The Pop Mart suddenly opened, but the line did not appear to be moving. She worried she was waiting for something that would not come. “Damn these lines,” she muttered before cursing herself for not trying to get a Labubu online somewhere. These things are sold out everywhere. At the ripe old age of forty-four, she did not embrace new technology as easily as she embraced new plush and vinyl status symbols.
The line moved slowly. At last, a few people exited the store. They had boxes in hand that they had ripped open to reveal a black and white creature from the Big Into Energy series. People in line could not believe it. Now was the time to think of what they did not have.
“They got an ID?” the couple in front of her asked. This figure was the rarest specimen of Labubu. There was only a one-in-seventy-two chance of unboxing one.
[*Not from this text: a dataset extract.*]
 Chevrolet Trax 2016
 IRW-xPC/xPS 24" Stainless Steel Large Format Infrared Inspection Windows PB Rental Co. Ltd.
She thought about how superior it would make her feel to stroke its coveted fur. “They don’t give us any choice now,” the couple said. “We must be one of the special edition haves.”
The woman and her son stood in line, mouths wide open and in awe of so much insanity. “We stay right here and watch this madness from afar,” she said.
The couple in front of them did what they had to do because they were mad and plenty brave. They didn’t care if they lost an arm in a fight to get the rare Labubu. A person has two arms and just one shot at a collectable figurine that would seem silly in five weeks. They ran, swinging at the people and snatching it out of their hands like it was a prized mackerel.
Was it luck, or were they cowards? A fight broke out, and the couple lost the Labubus while the woman and her son picked them up and left the scene with their heads held up high.
The couple did not know, and she did not care. They were still fighting and beating each other up.
All she knew was that she could also be tough so early in the morning. Even without her coffee. But now that she had secured her special Labubus, to hell with the coffee. This called for Sushi for Breakfast.